Nicht nur, dass das Förderkartell Opec plus in dieser Woche beschlossen hat, zur Stabilisierung des Ölpreises die gemeinsame Produktionsmenge um zwei Millionen Barrel, also etwa 320 Millionen Liter, pro Tag zu kürzen. Bin Salman und seine Mitstreiter hatten vielmehr auch kein Problem damit, die Kriegskasse des Kartellmitglieds Wladimir Putin weiter zu füllen. Wenn es noch eines Beweises bedurft hätte, dass die Bemühungen des Westens um eine weltweite Ächtung des russischen Präsidenten immer mehr ins Leere laufen, dann ist er hiermit erbracht.

Dennoch ist die Interpretation manch westlicher Beobachter, bin Salman habe den USA und ihren Verbündeten politisch eins auswischen wollen, eher fragwürdig. Wahrscheinlicher ist, dass der Prinz allein die eigenen Interessen im Blick hatte. Er nämlich braucht einen Ölpreis von 70,80 Dollar, um all die sozialen Wohltaten bezahlen zu können, mit denen er seine Untertanen bei Laune hält und Widerstand unterdrückt. Dieser Marke war der Preis zuletzt bedrohlich nahegekommen.

Die Wahrheit ist wohl: Saudi-Arabien, die Vereinigten Arabischen Emirate und andere US-"Verbündete" kümmern sich einen feuchten Kehricht um die Ukraine oder gar so etwas Sinnfreies wie die Menschenrechte. Den autokratischen Herrschern geht es allein um sich selbst und den Erhalt ihrer Macht. Sie machen auf gut Freund mit dem Westen, wenn es gegen den langjährigen gemeinsamen Feind Iran geht oder wenn sie Waffen brauchen. Und sie bandeln ebenso behände mit Russland an, wenn ihre Interessen als Öllieferanten auf dem Spiel stehen.

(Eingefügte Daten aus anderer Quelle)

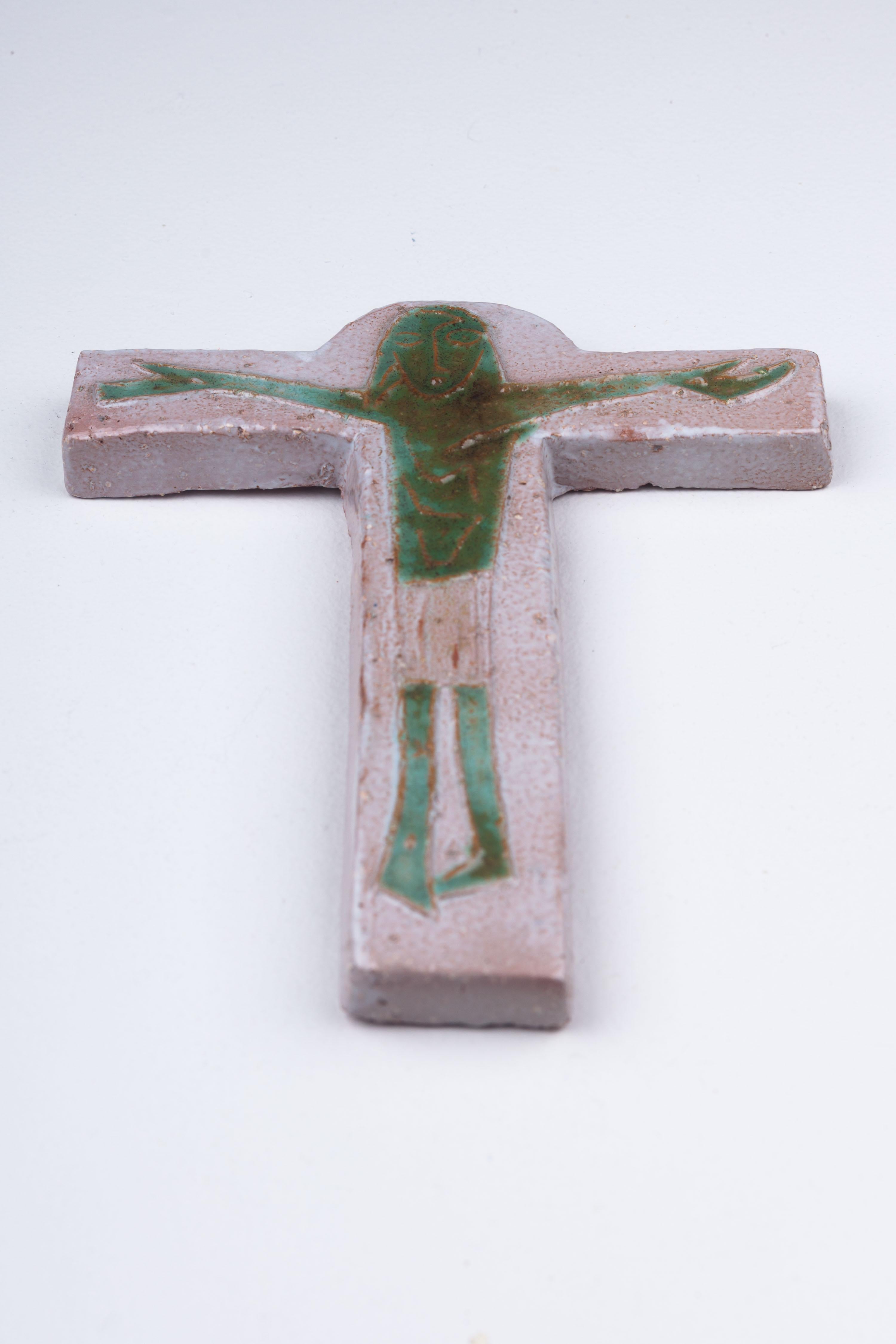 Midcentury European Gray Ceramic Cross with Otherworldly Green Christ Figure 2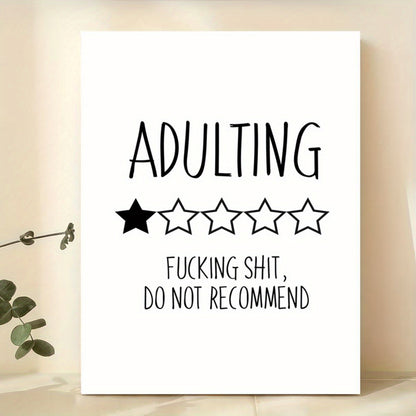 Poster - humoristisk med text "Adulting"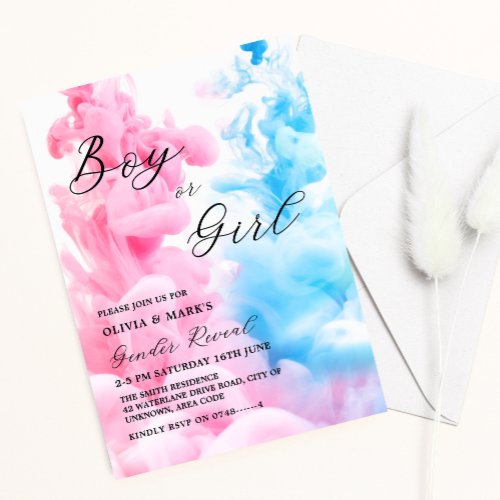 Pink and Blue Smoke Baby Gender Reveal Party Invitation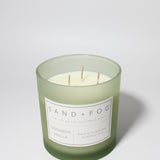 Cinnamon Vanilla 21 oz scented candle Sage vessel with Painted Blessed Wreath lid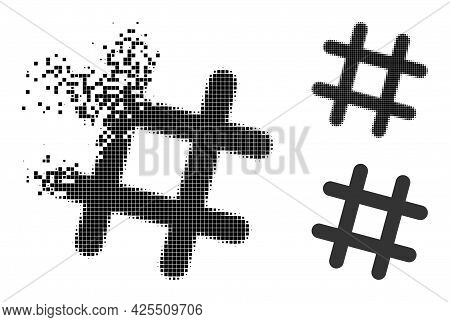 Shredded Pixelated Jail Grid Glyph With Halftone Version. Vector Wind Effect For Jail Grid Icon. Pix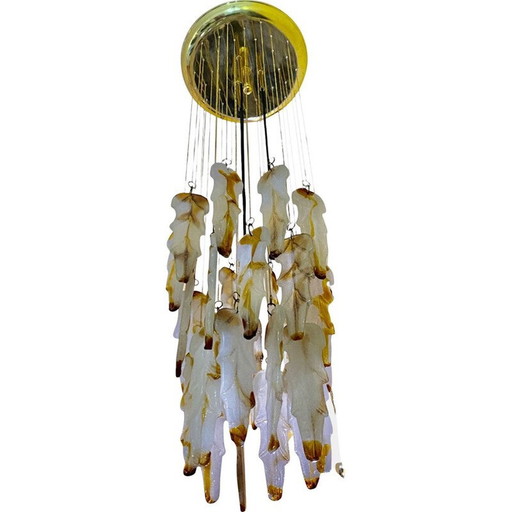 Vintage-Pendelleuchte aus Eisblumenglas von Carlo Nason für Mazzega, 1970er Jahre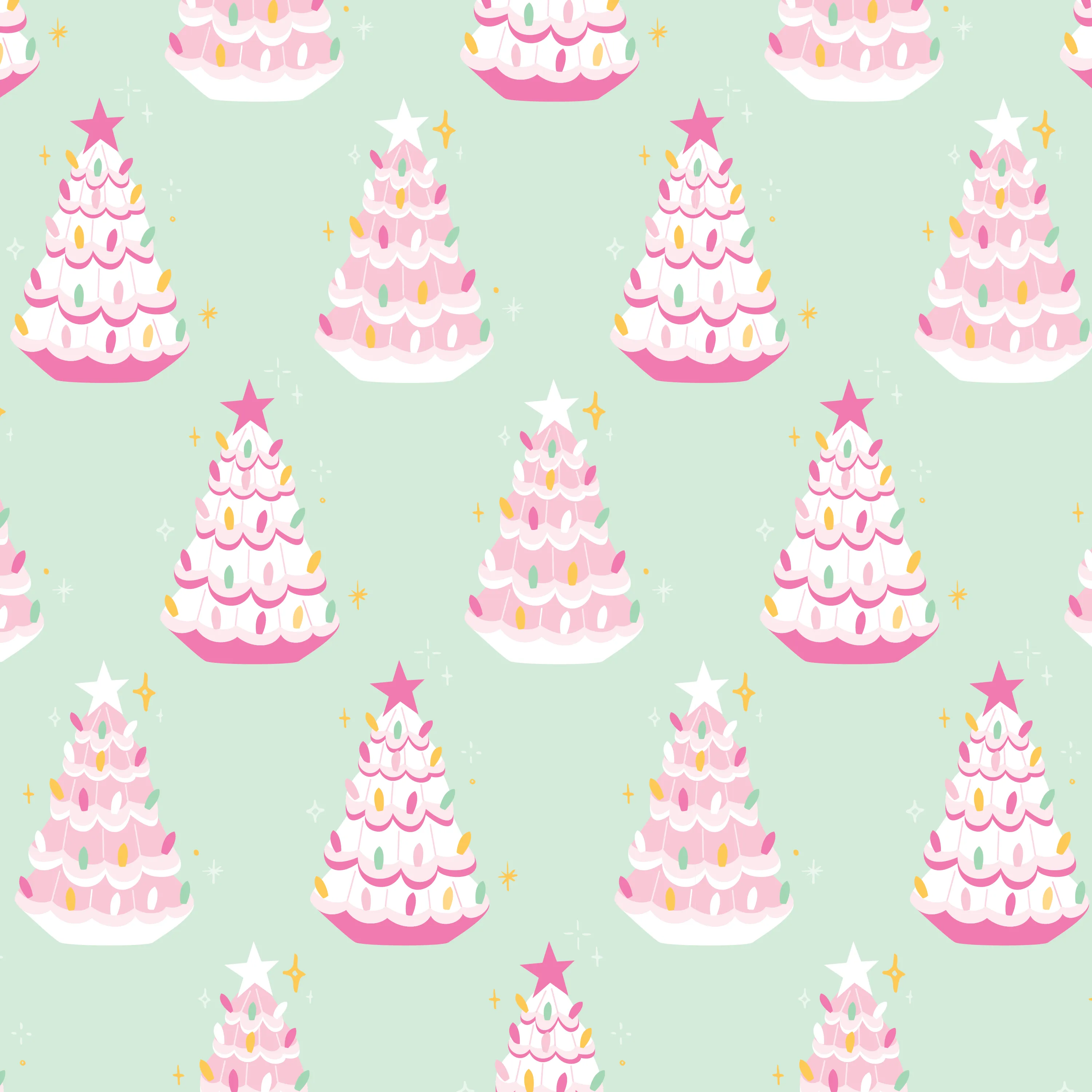 Christmas Pink Retro Trees Wrapping Paper - Roll of 3 Sheets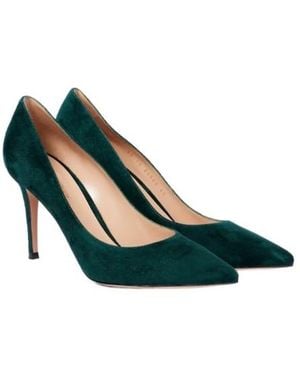 Gianvito Rossi Solid Suede Pumps - Green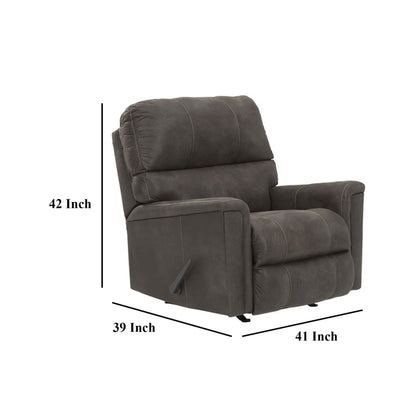 Fauteuil inclinable à bascule manuel Nav, similicuir gris fumé patiné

Die Opec-plus-Staaten unterlaufen den Kampf des Westens gegen die Inflation

Was aber bedeutet der Beschluss der Opec plus nun ökonomisch? Auf den ersten Blick könnte man meinen, dass eine Kürzung der Fördermenge um zwei Millionen Barrel gar nicht so sehr ins Gewicht fällt, da sie gerade einmal zwei Prozent der Weltproduktion entspricht. Die Entwicklung des Ölpreises jedoch spricht eine andere Sprache: Er hat sich binnen einer Woche um fast zehn Prozent erhöht. Damit unterlaufen die Opec-plus-Staaten nicht nur die Bemühungen westlicher Notenbanken, die Inflation einzudämmen. Sie torpedieren auch die Bemühungen der Politik, Bürger und Firmen gegen die schlimmsten Folgen der Energiekrise abzuschirmen. Hauptleidtragende allerdings sind - wie so oft - die Schwellen- und Entwicklungsländer, für die Öl und Gas immer unbezahlbarer werden. Dass beide Energieträger meist in Dollar abgerechnet werden, der seinerseits so stark ist wie seit 20 Jahren nicht mehr, macht die Sache noch dramatischer.

Allerdings könnten die Ölstaaten mit der Förderkürzung auch ein klassisches Eigentor geschossen haben. Ziel des Beschlusses ist es ja, den Preis auf hohem Niveau zu stabilisieren, obwohl die Weltkonjunktur wegen der Dreifachkrise aus Pandemie, Wetterchaos und Krieg schon massiv schwächelt und die Öl-Nachfrage entsprechend sinkt. Mit der jetzigen Preiserhöhung könnte dieser Prozess noch beschleunigt werden. Das gilt umso mehr, sollten sich im Weißen Haus die Stimmen derer durchsetzen, die mit Blick auf die anstehenden Kongresswahlen die Ausfuhr amerikanischen Rohöls vorübergehend verbieten wollen. Dies würde das weltweite Angebot weiter verringern und die Preise entsprechend treiben.

Anders gesagt: Die Opec plus - und mit ihr diesmal die USA - könnten jene globale Rezession überhaupt erst auslösen, gegen die sie sich durch die Drosselung von Produktion oder Exporten schützen wollen. Was das für ihre Fördereinnahmen hieße, konnte man im Juni 2020 auf dem Höhepunkt der ersten Corona-Welle besichtigen: Damals kostete ein Fass noch ganze 30 Dollar.